Rogério Assis/Folha Imagem
O economista José Alexandre Sheikman, que não vê semelhanças entre a crise atual e a Depressão de 29


SILVANA QUAGLIO
RICARDO GRINBAUM
da Reportagem Local

O ajuste fiscal permitirá ao governo mexer na política cambial. Para o economista carioca radicado nos Estados Unidos, José Alexandre Sheinkman, o Brasil não deve manter a âncora cambial "mais tempo do que o necessário".
Sheinkman acredita que a hora de mexer no câmbio é quando se chegar a um equilíbrio nas contas públicas, com um superávit primário (sem contar gastos com juros), de 2,5% a 3% do PIB.
Na opinião do professor das Universidades de Chicago e Princenton, as duas melhores opções de mudança são opostas: adotar o câmbio flutuante, que varia conforme a entrada e saída de dólares, ou atrelar a moeda nacional ao dólar, como a Argentina."Eu sou menos simpático às soluções muito intermediárias."
Avesso a previsões de desempenho econômico, Sheinkman acredita que existam poucas semelhanças entre a atual crise econômica mundial com a recessão de 1929, mas se preocupa com a volta do protecionismo econômico. "Esse é um perigo.
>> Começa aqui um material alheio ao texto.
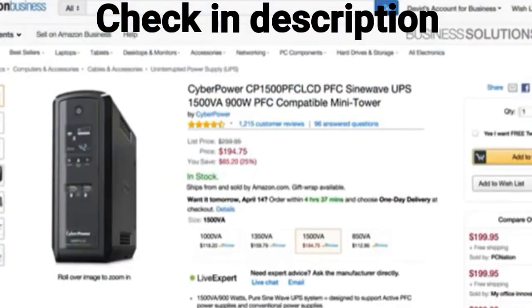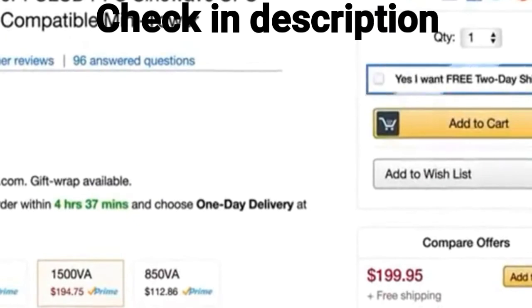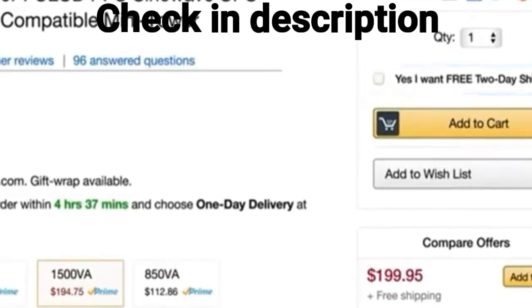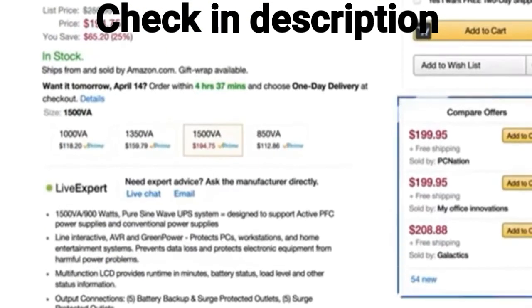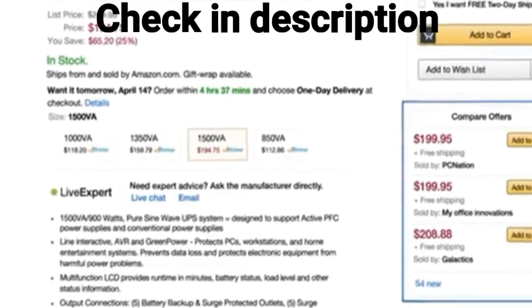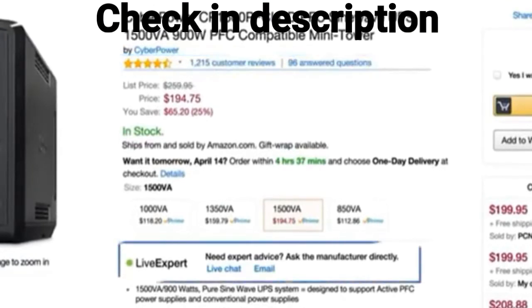Our product detail pages help you make smart decisions by highlighting details such as free two-day shipping. You'll also be able to compare multiple offers and read product reviews, or get help with technical questions directly from manufacturers via chat or email.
Numa época de piora econômica há sempre o risco de que o protecionismo possa voltar", disse Sheinkman, na seguinte entrevista que deu à Folha:

Folha - Alguns economistas defendem uma desvalorização do Real para permitir uma queda rápida dos juros. O que o sr. acha disso?
José Alexandre Sheinkman -
Os países que fizeram desvalorizações em momento de crise não conseguiram baixar a taxa de juros e tiveram uma grande perda na entrada de capitais. Essa não é uma consideração para se fazer agora. Depois que tivermos uma situação fiscal mais saudável, poderemos rediscutir o sistema cambial.
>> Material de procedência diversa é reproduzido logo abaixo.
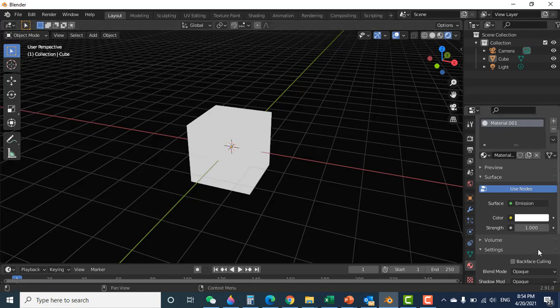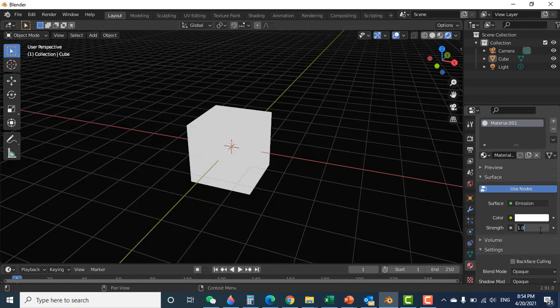You need to increase the glowing strength — click here on this strength number. I increase the glowing strength number to three, but still the glowing is not so good.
Folha - O que seria uma situação fiscal mais saudável?
Sheinkman -
Temos um déficit primário de 1% e um déficit nominal muito maior porque nossa conta com juros é muito alta. Nas atuais condições, teríamos que gerar um superávit primário de 2,5% a 3% do PIB. Além disso, precisaríamos de uma situação mais calma lá fora.
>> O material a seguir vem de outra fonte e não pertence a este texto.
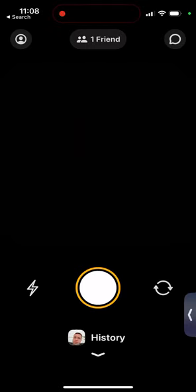Hey there, how to make a video on Locket widget app. So it's not possible to send a video yet — you can only send photos and live photos.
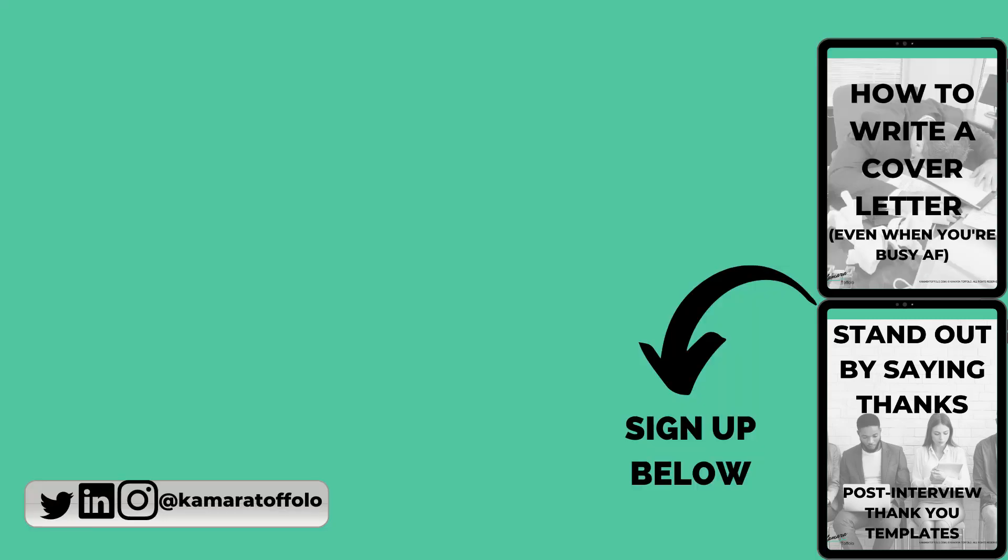If you found today's video helpful please do give it a like helps me help more people and if you'd like to see more of my videos in your feed click on my face right smack in the middle of your screen to subscribe. Thank you for watching and I will see you next time.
Folha - Quais os melhores opções para mudança no regime cambial?
Sheinkman -
Não refleti o suficiente sobre isso, mas sou muito tentado por dois extremos. Uma alternativa é chegar a um ponto em que o país não precisa de moeda própria (como o peso argentino que é atrelado ao dólar). Isso tem funcionado bem para alguns países, mas demanda mudanças fundamentais, como não poder ter um sistema bancário nacional.
A outra possibilidade é ter o câmbio razoavelmente livre, que flutue. Cada um dos regimes tem efeitos diferentes na economia. Tem que haver um debate sobre a adoção do regime cambial no Brasil. Eu sou menos simpático às soluções muito intermediárias.
Folha - O nosso sistema de câmbio está esgotado?
Sheinkman -
A chamada âncora cambial foi importantíssima para a estabilização brasileira. O problema é não usá-la mais do que o tempo necessário. Eu acho que a dependência na âncora cambial sem o ajuste fiscal é insustentável. A estabilidade da nossa moeda tem de ser menos dependente do regime cambial e mais dependente do equilíbrio fiscal.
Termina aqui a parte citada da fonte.